Real deception requires real agency and internally-motivated intents. LLM can be...

drdeca · 2025-07-16T21:32:33 1752701553

The sense of “deception” that is relevant here only requires some kind of “model” that, if the model produces certain outputs, [something that acts like a person] would [something that acts like believing] [some statement that the model “models” as “false”, and is in fact false], and as a consequence, the model produces those outputs, and as a consequence, a person believes the false statement in question.

None of this requires the ML model to have any interiority.

The ML model needn’t really know what a person really is, etc. , as long as it behaves in ways that correspond to how something that did know these things would behave, and has the corresponding consequences.

If someone is role-playing as a madman in control of launching some missiles, and unbeknownst to them, their chat outputs are actually connected to the missile launch device (which uses the same interface/commands as the fictional character would use to control the fictional version of the device), then if the character decides to “launch the missiles”, it doesn’t matter whether there actually existed a real intent to launch the missiles, or just a fictional character “intending” to launch the missiles, the missiles still get launched.

Likewise, if Bob is role playing as a character Charles, and Bob thinks that on the other side of the chat, the “Alice” he is speaking to is actually someone else’s role play character, and the character Charles would want to deceive Alice to believe something (which Bob thinks that the other person would know that the claim Charles would make to be false, but the character would be fooled), but in fact Alice is an actual person who didn’t realize that this was a role play chatroom, and doesn’t know better than to believe “Charles”, the Alice may still be “deceived”, even though the real person Bob had no intent to deceive the real person Alice, it was just the fictional character Charles who “intended” to deceive Alice.

Then, remove Bob from the situation, replacing him with a computer.
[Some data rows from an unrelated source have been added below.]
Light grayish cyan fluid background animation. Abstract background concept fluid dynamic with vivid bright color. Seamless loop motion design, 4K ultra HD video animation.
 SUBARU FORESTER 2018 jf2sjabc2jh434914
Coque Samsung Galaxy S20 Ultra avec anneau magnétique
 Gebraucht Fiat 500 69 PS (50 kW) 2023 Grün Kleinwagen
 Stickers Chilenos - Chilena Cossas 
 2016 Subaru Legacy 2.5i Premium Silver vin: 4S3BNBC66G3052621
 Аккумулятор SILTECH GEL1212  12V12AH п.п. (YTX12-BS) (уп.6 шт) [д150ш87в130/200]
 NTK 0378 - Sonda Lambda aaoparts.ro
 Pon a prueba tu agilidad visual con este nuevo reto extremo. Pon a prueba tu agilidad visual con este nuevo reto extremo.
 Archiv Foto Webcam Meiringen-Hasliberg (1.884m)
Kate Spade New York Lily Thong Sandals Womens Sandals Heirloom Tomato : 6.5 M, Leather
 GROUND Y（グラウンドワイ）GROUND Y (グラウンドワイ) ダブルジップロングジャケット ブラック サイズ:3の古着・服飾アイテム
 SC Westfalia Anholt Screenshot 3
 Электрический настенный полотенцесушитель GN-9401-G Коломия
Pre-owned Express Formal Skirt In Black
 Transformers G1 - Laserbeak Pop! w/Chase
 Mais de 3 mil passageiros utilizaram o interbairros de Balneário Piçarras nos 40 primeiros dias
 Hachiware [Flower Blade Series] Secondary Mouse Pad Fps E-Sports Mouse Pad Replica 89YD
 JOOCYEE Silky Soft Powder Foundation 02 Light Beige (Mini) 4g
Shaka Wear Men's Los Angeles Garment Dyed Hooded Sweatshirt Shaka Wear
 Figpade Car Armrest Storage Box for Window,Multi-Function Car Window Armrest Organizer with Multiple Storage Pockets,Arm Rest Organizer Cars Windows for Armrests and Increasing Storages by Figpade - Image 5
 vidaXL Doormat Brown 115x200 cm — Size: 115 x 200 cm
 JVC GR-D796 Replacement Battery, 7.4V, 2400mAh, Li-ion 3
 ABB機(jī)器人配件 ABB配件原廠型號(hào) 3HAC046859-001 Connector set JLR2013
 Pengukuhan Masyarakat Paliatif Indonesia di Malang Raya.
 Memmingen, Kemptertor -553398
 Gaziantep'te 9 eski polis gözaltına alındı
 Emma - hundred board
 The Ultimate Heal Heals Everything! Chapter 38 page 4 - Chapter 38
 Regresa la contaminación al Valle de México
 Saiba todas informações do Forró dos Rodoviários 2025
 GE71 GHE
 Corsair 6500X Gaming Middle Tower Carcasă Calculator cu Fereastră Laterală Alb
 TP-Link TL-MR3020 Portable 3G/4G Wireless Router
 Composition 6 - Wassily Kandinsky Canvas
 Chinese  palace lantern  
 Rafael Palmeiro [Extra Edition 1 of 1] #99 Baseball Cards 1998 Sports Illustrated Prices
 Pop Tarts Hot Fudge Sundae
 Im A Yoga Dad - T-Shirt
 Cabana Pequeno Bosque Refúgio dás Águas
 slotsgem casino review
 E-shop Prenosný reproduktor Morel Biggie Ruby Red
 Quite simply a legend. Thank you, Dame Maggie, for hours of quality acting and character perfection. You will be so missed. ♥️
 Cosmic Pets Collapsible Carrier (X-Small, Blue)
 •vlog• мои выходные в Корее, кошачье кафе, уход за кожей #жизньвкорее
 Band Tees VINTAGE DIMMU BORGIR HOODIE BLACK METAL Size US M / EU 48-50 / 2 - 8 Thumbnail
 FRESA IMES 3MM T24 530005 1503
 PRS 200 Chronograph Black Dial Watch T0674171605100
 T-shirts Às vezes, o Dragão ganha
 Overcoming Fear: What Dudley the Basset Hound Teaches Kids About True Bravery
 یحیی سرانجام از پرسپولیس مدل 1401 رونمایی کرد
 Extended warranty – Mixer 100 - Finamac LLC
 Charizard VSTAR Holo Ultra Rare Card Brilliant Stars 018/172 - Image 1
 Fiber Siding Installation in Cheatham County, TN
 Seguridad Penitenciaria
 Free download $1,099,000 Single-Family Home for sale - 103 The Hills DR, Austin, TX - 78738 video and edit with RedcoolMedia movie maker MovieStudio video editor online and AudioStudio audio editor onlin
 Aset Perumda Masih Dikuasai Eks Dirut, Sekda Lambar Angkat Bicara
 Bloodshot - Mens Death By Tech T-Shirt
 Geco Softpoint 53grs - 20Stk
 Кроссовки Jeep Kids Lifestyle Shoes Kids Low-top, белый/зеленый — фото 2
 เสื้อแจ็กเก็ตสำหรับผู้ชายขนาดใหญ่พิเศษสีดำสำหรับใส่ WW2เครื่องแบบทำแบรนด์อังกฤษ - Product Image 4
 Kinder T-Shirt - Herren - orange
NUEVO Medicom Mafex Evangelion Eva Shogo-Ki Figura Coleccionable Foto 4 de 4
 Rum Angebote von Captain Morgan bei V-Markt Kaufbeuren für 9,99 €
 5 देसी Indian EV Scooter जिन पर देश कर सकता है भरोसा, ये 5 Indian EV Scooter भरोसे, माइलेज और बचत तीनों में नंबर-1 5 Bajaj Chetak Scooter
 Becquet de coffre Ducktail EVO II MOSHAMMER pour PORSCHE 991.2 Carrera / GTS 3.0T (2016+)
The computer doesn’t really have an intent to deceive Alice. But the fictional character Charles, well, it may still be that within the fiction, Charles intends to deceive Alice.

The result is the same.

bugbuddy · 2025-07-16T23:34:37 1752708877

It sounds like you are trying to restate the Chinese room argument to come to a different conclusion. Unfortunately, I am too lazy to follow your argument closely because it is a bit hard to read at a glance.

drdeca · 2025-07-17T19:49:10 1752781750

I am assuming that the LLM has no interiority (which is similar to the conclusion that the Chinese Room argument argues for). My argument is that the character that the LLM (or a Chinese Room, or a character that a person is role-playing as) not having any interiority does not prevent the causal structure of how its interaction with the broader world having essentially the same kinds of effects as if there was a person there instead of a make-believe-person. So, if the fictional character, if they were real, would want to deceive, or launch a missile, or whatever, and would have the means to do so, and if there's something in the real world that is acting how the fictional character would act if the character were real, then the effects of the thing that acts like the fictional character would be to cause [the person the fictional character would deceive if the fictional character were real] to come to the false belief, or to cause the missiles to be launched.

If something outwardly acts the same way as it would if it were a person, then the external effects are the same as they would be if it were a person. (<- This is nearly a tautology.) This doesn't mean that it would be a person, but it does mean that the concerns one would have about what outward effects it may cause if it it was a person, still apply.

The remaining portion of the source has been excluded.